- [PROBLEM]
Line by line, transcribe the data shown below.

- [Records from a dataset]
▼▼▼

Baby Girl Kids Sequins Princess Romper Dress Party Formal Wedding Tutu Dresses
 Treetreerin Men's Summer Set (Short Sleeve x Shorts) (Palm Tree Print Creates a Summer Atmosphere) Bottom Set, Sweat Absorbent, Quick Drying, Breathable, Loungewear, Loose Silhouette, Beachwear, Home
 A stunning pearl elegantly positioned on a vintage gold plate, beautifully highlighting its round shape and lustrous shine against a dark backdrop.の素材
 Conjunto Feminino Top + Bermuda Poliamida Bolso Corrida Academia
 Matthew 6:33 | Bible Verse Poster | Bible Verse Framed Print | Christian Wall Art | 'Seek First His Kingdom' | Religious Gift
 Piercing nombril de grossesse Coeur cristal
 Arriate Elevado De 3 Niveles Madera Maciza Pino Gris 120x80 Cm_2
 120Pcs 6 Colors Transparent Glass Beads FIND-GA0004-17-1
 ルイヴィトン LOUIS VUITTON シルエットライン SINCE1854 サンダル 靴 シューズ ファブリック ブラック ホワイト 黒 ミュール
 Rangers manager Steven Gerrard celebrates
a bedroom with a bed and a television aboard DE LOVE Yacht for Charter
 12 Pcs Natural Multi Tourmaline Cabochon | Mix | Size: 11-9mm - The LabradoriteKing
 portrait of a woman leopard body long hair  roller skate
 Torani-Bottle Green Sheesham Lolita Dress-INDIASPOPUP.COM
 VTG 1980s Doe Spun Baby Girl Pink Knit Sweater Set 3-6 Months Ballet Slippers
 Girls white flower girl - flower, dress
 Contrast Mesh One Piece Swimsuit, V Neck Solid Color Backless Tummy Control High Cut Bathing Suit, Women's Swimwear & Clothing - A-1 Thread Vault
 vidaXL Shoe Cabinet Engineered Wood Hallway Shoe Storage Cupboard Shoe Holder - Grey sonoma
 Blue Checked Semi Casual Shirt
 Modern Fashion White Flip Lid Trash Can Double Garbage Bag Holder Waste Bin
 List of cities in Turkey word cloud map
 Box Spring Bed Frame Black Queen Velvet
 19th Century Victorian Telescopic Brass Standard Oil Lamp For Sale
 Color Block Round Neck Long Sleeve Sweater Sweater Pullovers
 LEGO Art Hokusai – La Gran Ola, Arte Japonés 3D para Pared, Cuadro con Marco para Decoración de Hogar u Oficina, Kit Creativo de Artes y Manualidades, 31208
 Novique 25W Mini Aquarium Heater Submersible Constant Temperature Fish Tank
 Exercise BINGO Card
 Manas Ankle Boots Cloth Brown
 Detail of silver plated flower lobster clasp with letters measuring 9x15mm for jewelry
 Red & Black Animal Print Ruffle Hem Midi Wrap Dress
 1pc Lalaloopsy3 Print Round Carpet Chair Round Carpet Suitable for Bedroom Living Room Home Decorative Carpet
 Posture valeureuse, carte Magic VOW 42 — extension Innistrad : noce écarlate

▲▲▲

- [THE COMPLETED TASK]
Baby Girl Kids Sequins Princess Romper Dress Party Formal Wedding Tutu Dresses
 Treetreerin Men's Summer Set (Short Sleeve x Shorts) (Palm Tree Print Creates a Summer Atmosphere) Bottom Set, Sweat Absorbent, Quick Drying, Breathable, Loungewear, Loose Silhouette, Beachwear, Home
 A stunning pearl elegantly positioned on a vintage gold plate, beautifully highlighting its round shape and lustrous shine against a dark backdrop.の素材
 Conjunto Feminino Top + Bermuda Poliamida Bolso Corrida Academia
 Matthew 6:33 | Bible Verse Poster | Bible Verse Framed Print | Christian Wall Art | 'Seek First His Kingdom' | Religious Gift
 Piercing nombril de grossesse Coeur cristal
 Arriate Elevado De 3 Niveles Madera Maciza Pino Gris 120x80 Cm_2
 120Pcs 6 Colors Transparent Glass Beads FIND-GA0004-17-1
 ルイヴィトン LOUIS VUITTON シルエットライン SINCE1854 サンダル 靴 シューズ ファブリック ブラック ホワイト 黒 ミュール
 Rangers manager Steven Gerrard celebrates
a bedroom with a bed and a television aboard DE LOVE Yacht for Charter
 12 Pcs Natural Multi Tourmaline Cabochon | Mix | Size: 11-9mm - The LabradoriteKing
 portrait of a woman leopard body long hair  roller skate
 Torani-Bottle Green Sheesham Lolita Dress-INDIASPOPUP.COM
 VTG 1980s Doe Spun Baby Girl Pink Knit Sweater Set 3-6 Months Ballet Slippers
 Girls white flower girl - flower, dress
 Contrast Mesh One Piece Swimsuit, V Neck Solid Color Backless Tummy Control High Cut Bathing Suit, Women's Swimwear & Clothing - A-1 Thread Vault
 vidaXL Shoe Cabinet Engineered Wood Hallway Shoe Storage Cupboard Shoe Holder - Grey sonoma
 Blue Checked Semi Casual Shirt
 Modern Fashion White Flip Lid Trash Can Double Garbage Bag Holder Waste Bin
 List of cities in Turkey word cloud map
 Box Spring Bed Frame Black Queen Velvet
 19th Century Victorian Telescopic Brass Standard Oil Lamp For Sale
 Color Block Round Neck Long Sleeve Sweater Sweater Pullovers
 LEGO Art Hokusai – La Gran Ola, Arte Japonés 3D para Pared, Cuadro con Marco para Decoración de Hogar u Oficina, Kit Creativo de Artes y Manualidades, 31208
 Novique 25W Mini Aquarium Heater Submersible Constant Temperature Fish Tank
 Exercise BINGO Card
 Manas Ankle Boots Cloth Brown
 Detail of silver plated flower lobster clasp with letters measuring 9x15mm for jewelry
 Red & Black Animal Print Ruffle Hem Midi Wrap Dress
 1pc Lalaloopsy3 Print Round Carpet Chair Round Carpet Suitable for Bedroom Living Room Home Decorative Carpet
 Posture valeureuse, carte Magic VOW 42 — extension Innistrad : noce écarlate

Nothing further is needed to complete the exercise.